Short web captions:
-=-=-=-=-

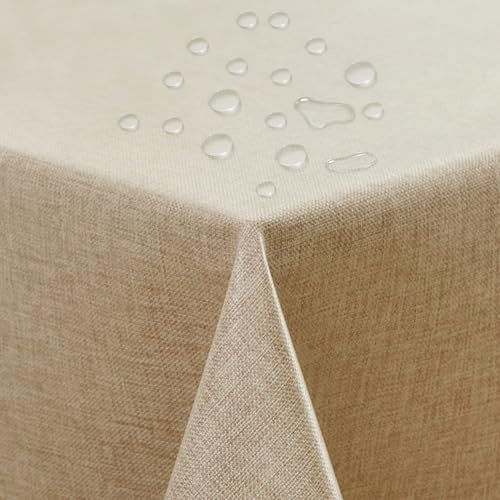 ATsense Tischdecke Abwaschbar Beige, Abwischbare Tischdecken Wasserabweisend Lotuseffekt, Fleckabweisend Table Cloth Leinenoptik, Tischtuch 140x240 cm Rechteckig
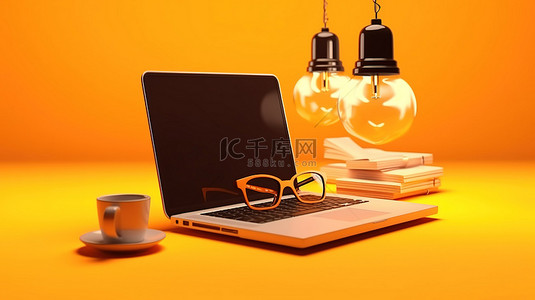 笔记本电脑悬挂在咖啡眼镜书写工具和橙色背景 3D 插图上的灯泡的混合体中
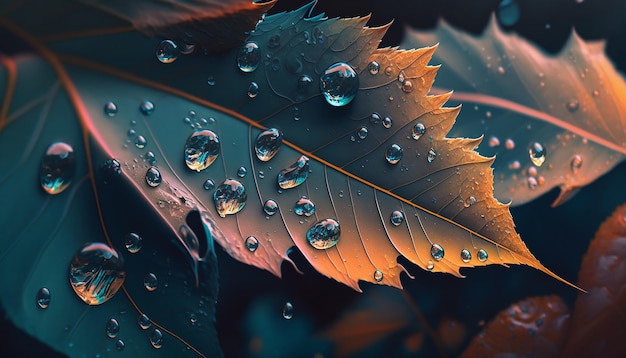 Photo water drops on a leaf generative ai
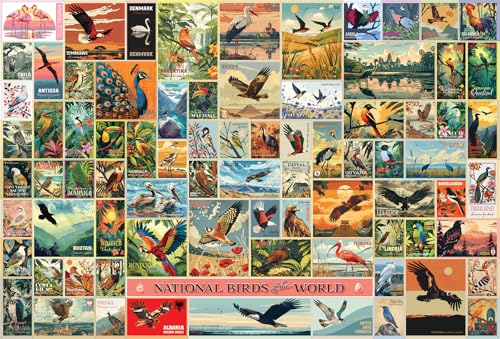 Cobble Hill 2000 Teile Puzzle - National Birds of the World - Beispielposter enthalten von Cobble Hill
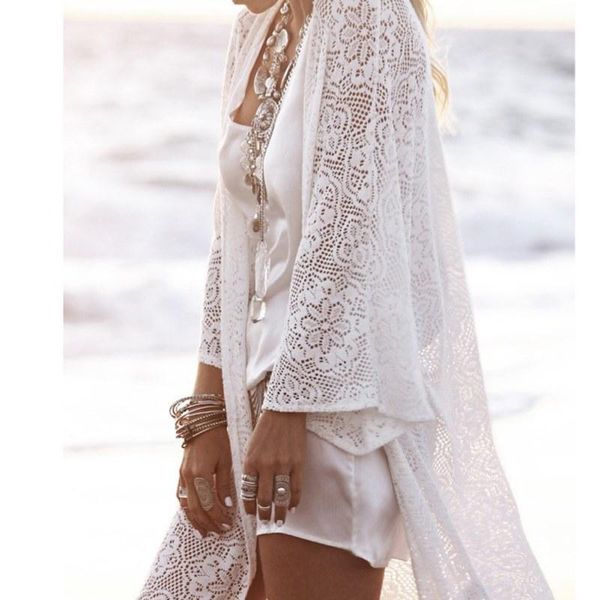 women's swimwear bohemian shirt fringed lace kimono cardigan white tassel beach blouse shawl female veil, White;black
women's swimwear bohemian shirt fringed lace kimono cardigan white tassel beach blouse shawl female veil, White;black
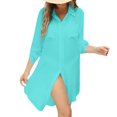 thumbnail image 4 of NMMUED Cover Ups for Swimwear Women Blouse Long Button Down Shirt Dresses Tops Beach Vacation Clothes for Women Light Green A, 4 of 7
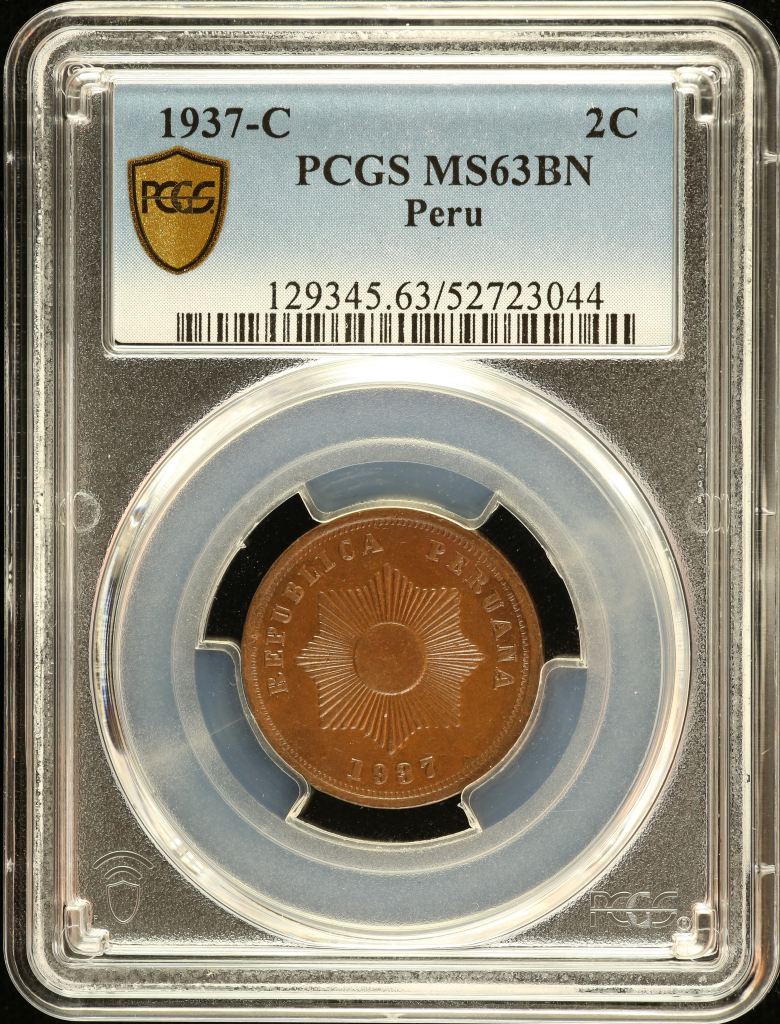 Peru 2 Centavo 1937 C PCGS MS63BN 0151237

-=-=-=-=-

→ Problem
A faithful copy of each entry is required, and no picture may be carried into it.

→ Task answer
 ATsense Tischdecke Abwaschbar Beige, Abwischbare Tischdecken Wasserabweisend Lotuseffekt, Fleckabweisend Table Cloth Leinenoptik, Tischtuch 140x240 cm Rechteckig
 笔记本电脑悬挂在咖啡眼镜书写工具和橙色背景 3D 插图上的灯泡的混合体中
 Photo water drops on a leaf generative ai
 Cobble Hill 2000 Teile Puzzle - National Birds of the World - Beispielposter enthalten von Cobble Hill
 women's swimwear bohemian shirt fringed lace kimono cardigan white tassel beach blouse shawl female veil, White;black
women's swimwear bohemian shirt fringed lace kimono cardigan white tassel beach blouse shawl female veil, White;black
 thumbnail image 4 of NMMUED Cover Ups for Swimwear Women Blouse Long Button Down Shirt Dresses Tops Beach Vacation Clothes for Women Light Green A, 4 of 7
 Peru 2 Centavo 1937 C PCGS MS63BN 0151237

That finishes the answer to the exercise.